Identification of a molecular basis for the juvenile sleep state

Acceptance summary:

It has long been appreciated that flies, like mammals, sleep more early in life. This paper represents a significant advance in our understanding of this behavioral plasticity for a number of reasons: the authors localize the window of Pdm3 function, they find that it is critical for regulating connections between dopamine neurons and the sleep promoting fan-shaped body, and they identify Msp300 as a potentially relevant target of Pdm3.

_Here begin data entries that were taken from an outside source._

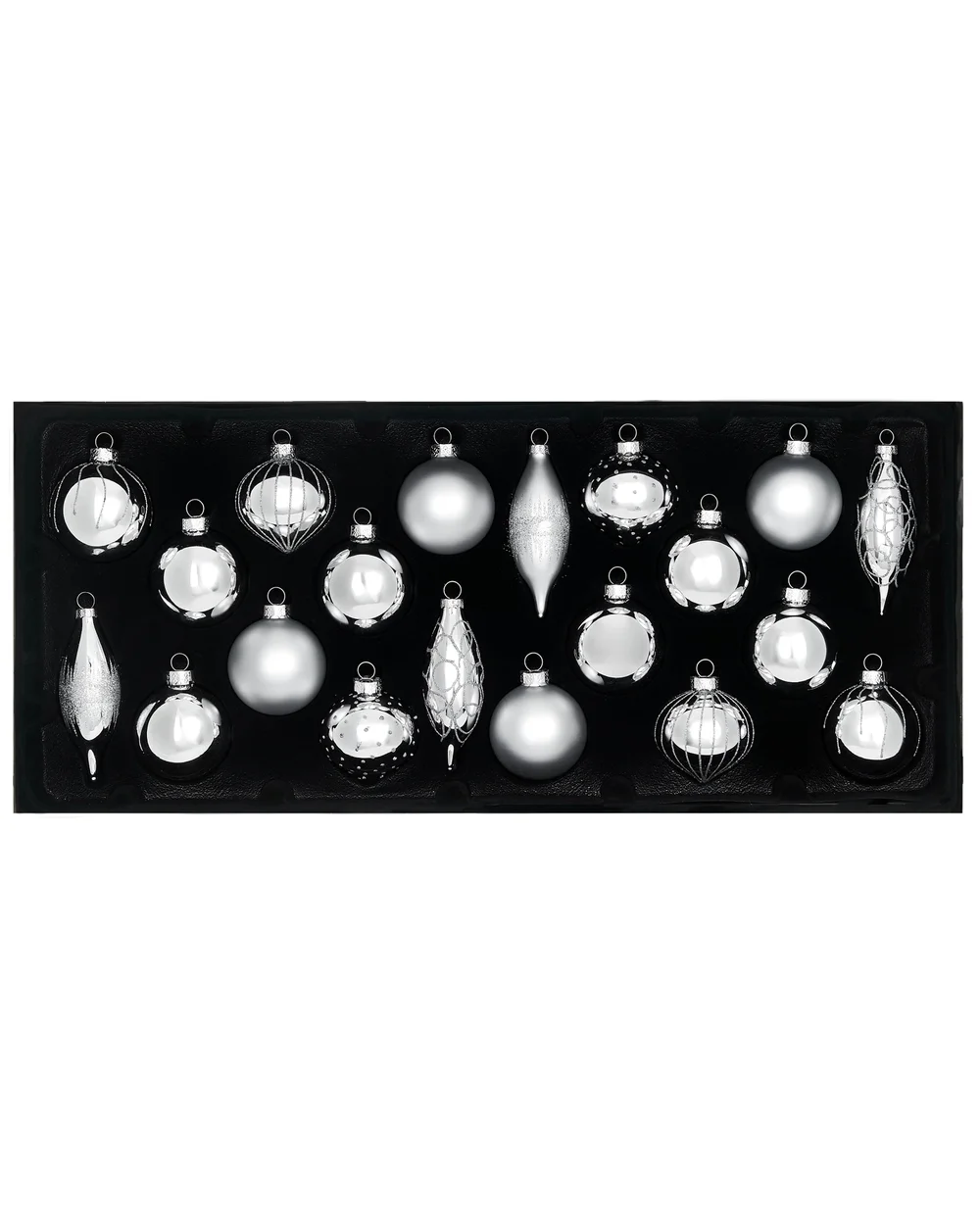 WeRChristmas Silver Glass Christmas Baubles 20 Pack 6.6 Cm - No Size Image 1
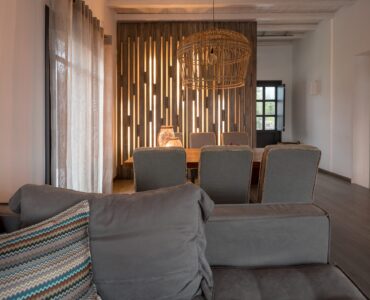 Living area at Platinum Senior Villa in Kalafatis, Mykonos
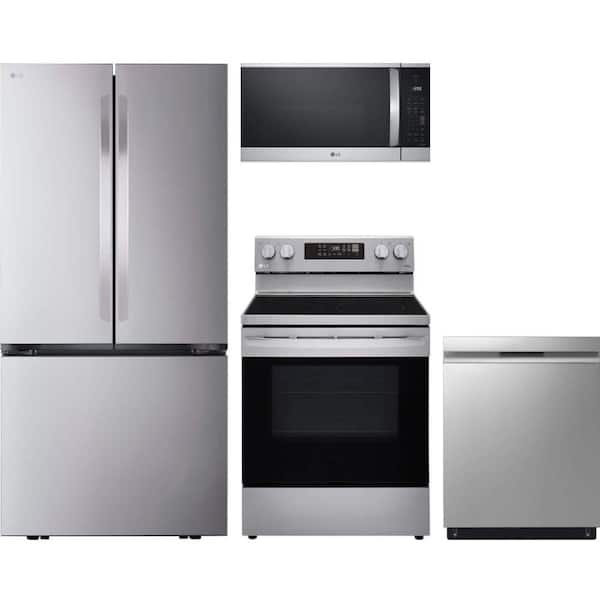 LG 21 cu. ft. Counter Depth Refrigerator with 5 Element Freestanding Electric Range and Dishwasher with QuadWash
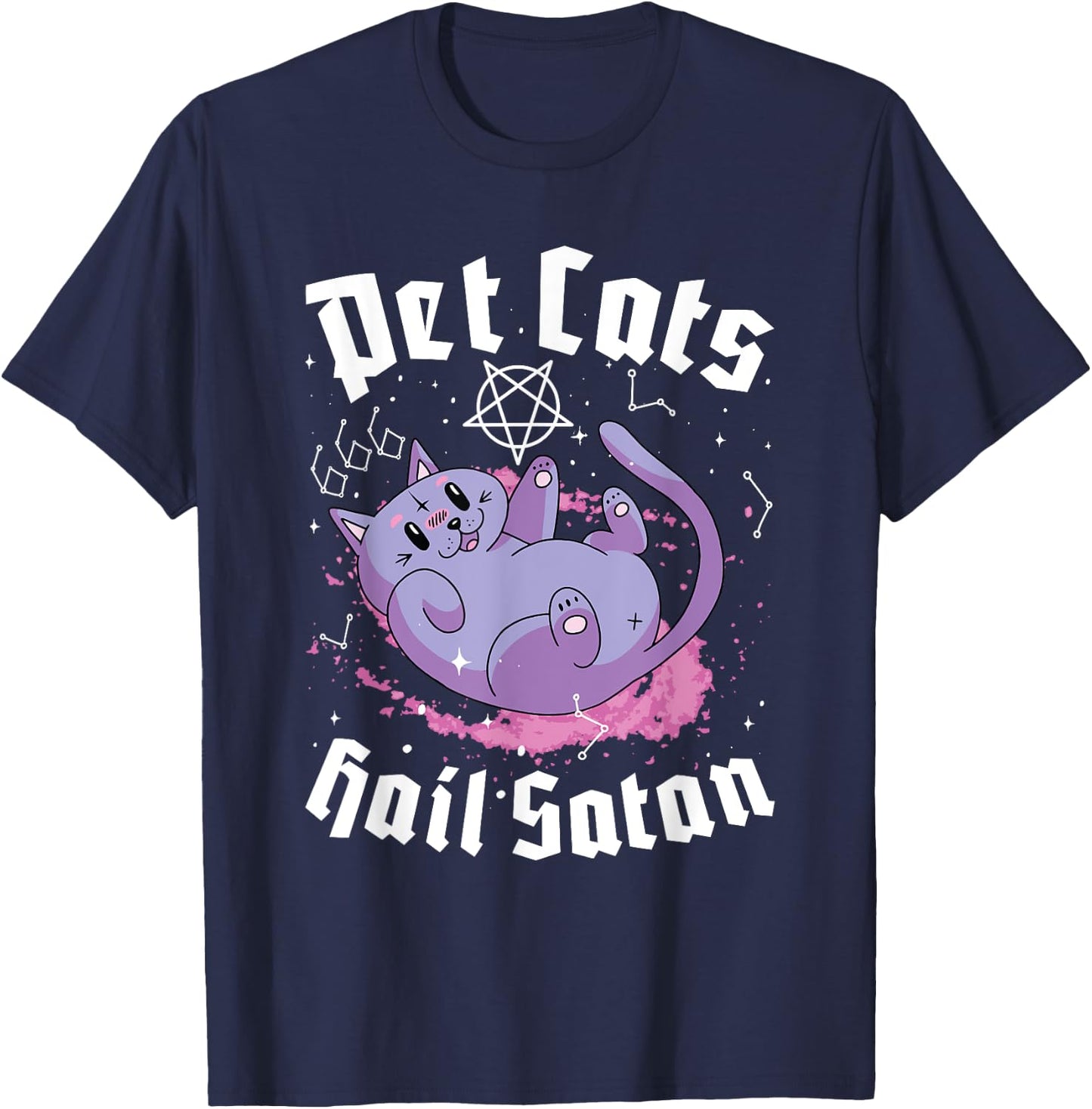 Pet Cats Hail Satan Kawaii Satanic Cat Astrology Witchcraft T-Shirt - T-Shirt | Navy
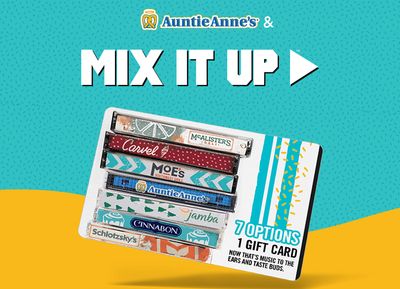For a Limited Time Save $10 on a $50 New Mix It Up eGift Card Purchase at Auntie Anne's Pretzels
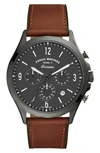 FOSSIL FORRESTER CHRONOGRAPH LEATHER STRAP WATCH, 46MM,FS5815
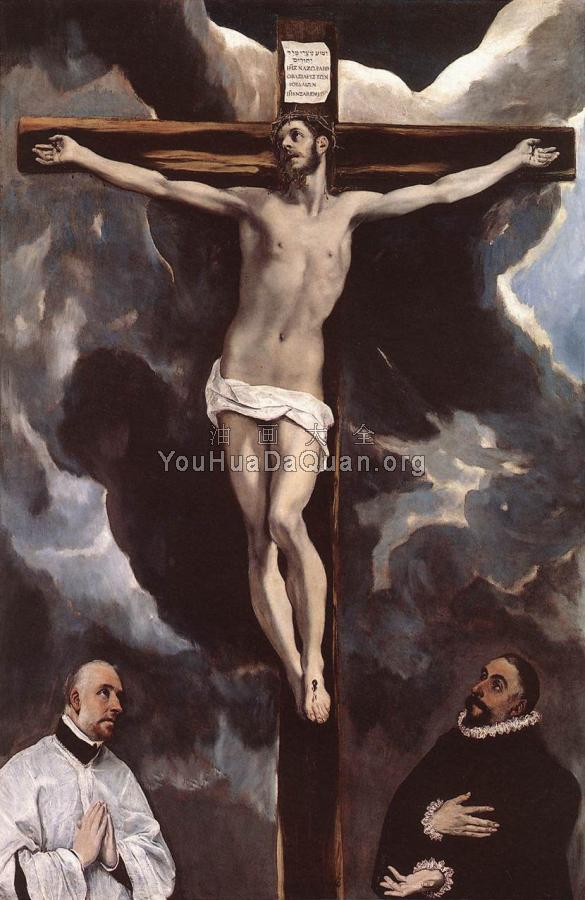 Christ on the Cross Adored by Donors - 埃尔·格列柯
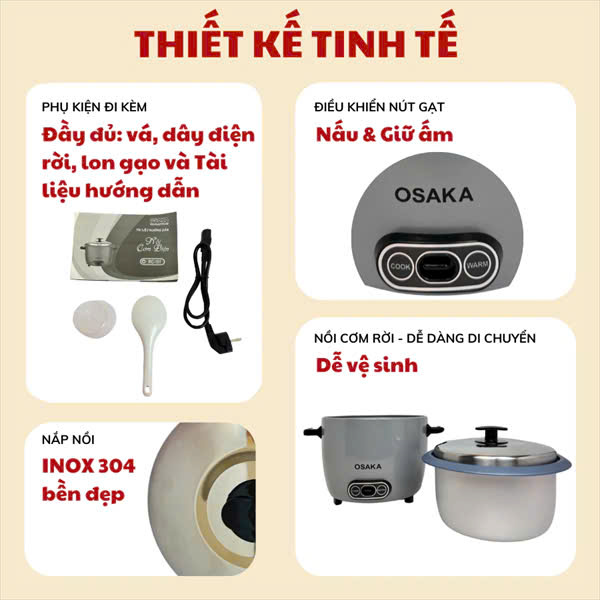 Nồi Cơm Mê Kong 1 Lít Nắp Rời Osaka RC121 Nồi Cơm Mê Kong 1 Lít Nắp Rời Osaka RC121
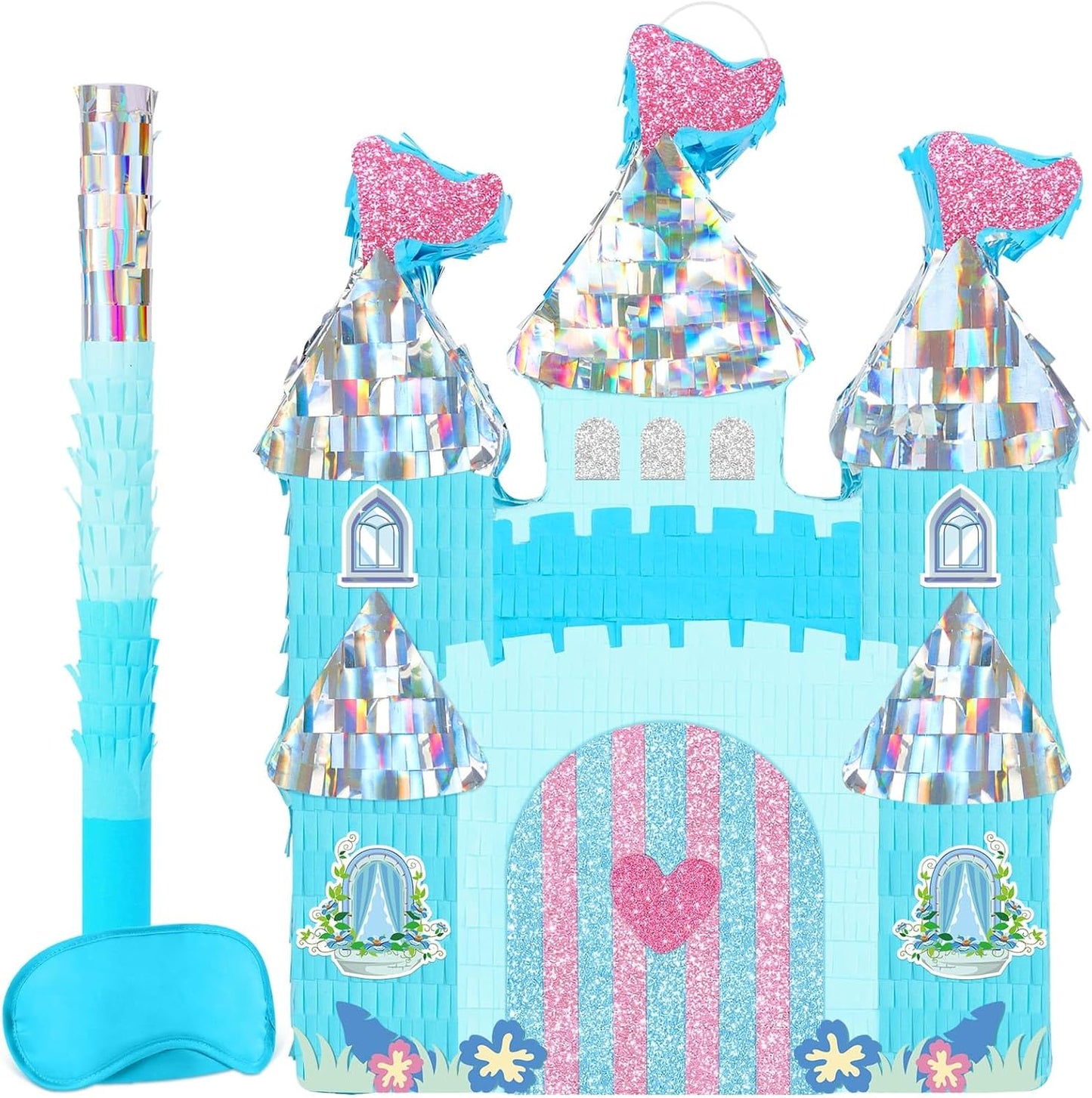 WERNNSAI Easter Bunny Piñata - Easter Rabbit Piñata Spring Pinata with Blindfold and Stick for Birthday Party Decoration Baby Shower School Activities Game Spring Party Game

Decision letter after peer review:

Thank you for submitting your article "Identification of a molecular basis for the juvenile sleep state" for consideration by eLife. Your article has been reviewed by three peer reviewers, including Leslie C Griffith as the Reviewing Editor and Reviewer #1, and the evaluation has been overseen by Eve Marder as the Senior Editor. The following individual involved in review of your submission has agreed to reveal their identity: Alex C Keene (Reviewer #3).

The reviewers have discussed the reviews with one another and the Reviewing Editor has drafted this decision to help you prepare a revised submission.

Essential revisions:

1) The expression of data as ontogeny ratio seems to be masking complex phenomena. Ratios can change in the same direction via very different effects on the underlying sleep processes. All of the reviewers had similar concerns. The authors need to show all the raw data going into their ratio calculations. It is not at all clear for many of the manipulations that the baseline effects of things that move the ontogeny ratio in the same way also affect baseline sleep at different ages in the same way. The raw sleep data should also be analysed properly via appropriate multiple comparison tests, not just selected paired T tests.

2) The evidence that PDM3 acts via MSP300 is indirect without some more precise manipulation. This is a very interesting part of the story and enhancing the evidence of this claim could be done in many ways. The very compelling (but hard!) experiment would be removal of the PDM3 binding sites from the msp300 gene to show it blocks the effects of PDM3. Another possible avenue would be to show more directly that MSP300 and PDM3 act in the same temporal and spatial window to exert their effects and have the expected epistatic relationship. The authors are encouraged to strengthen this part of the story.

Essential revisions:

1) The expression of data as ontogeny ratio seems to be masking complex phenomena. Ratios can change in the same direction via very different effects on the underlying sleep processes. All of the reviewers had similar concerns. The authors need to show all the raw data going into their ratio calculations. It is not at all clear for many of the manipulations that the baseline effects of things that move the ontogeny ratio in the same way also affect baseline sleep at different ages in the same way. The raw sleep data should also be analysed properly via appropriate multiple comparison tests, not just selected paired T tests.

We agree with the reviewers, and now present the raw data as suggested (Figure 1—figure supplement 1, Figure 6—figure supplement 2, Figure 8—figure supplement 2). In all cases we present the data in graphical form to emphasize the raw sleep duration values, which speaks to the point raised. This analysis underscores (for example Figure 6—figure supplement 2A) that despite differences in sleep duration depending on control background, flies lose juvenile sleep with PDM3 knockdown.

Regarding statistical analysis, we apologize for any confusion. We did not use selected paired/individual t tests, but rather multiple t-tests with the Holm-Sidak correction for multiple comparisons.

2) The evidence that PDM3 acts via MSP300 is indirect without some more precise manipulation. This is a very interesting part of the story and enhancing the evidence of this claim could be done in many ways. The very compelling (but hard!) experiment would be removal of the PDM3 binding sites from the msp300 gene to show it blocks the effects of PDM3. Another possible avenue would be to show more directly that MSP300 and PDM3 act in the same temporal and spatial window to exert their effects and have the expected epistatic relationship. The authors are encouraged to strengthen this part of the story.

We agree with this point, and have now tested the spatial relationship directly using nervous system-wide knockdown of PDM3 (Elav QF2 > Q pdm3 RNAi) along with specific knockdown of Msp300 in the central complex cells of interest (R93F07-GAL4 > UAS-Msp300 RNAi, UAS Dcr2). Our prediction was that this manipulation would suppress the pdm3-related sleep ontogeny phenotype. Interestingly, our results did not support this hypothesis, as sleep ontogeny remains impaired despite Msp300 knockdown in these cells. This result suggests a more complicated interplay between PDM3 and Msp300 with regard to sleep circuit wiring; for example, there might be a combination of cell-autonomous and non-cell-autonomous interactions. Alternatively, this result could reflect technical limitations of the approach (GAL4 expression pattern changes during development, poor Msp300 knockdown efficacy with this driver, etc.). Regardless, this is an intriguing result that we will pursue in more detail in future work. We have added this result and discussion of it to the manuscript.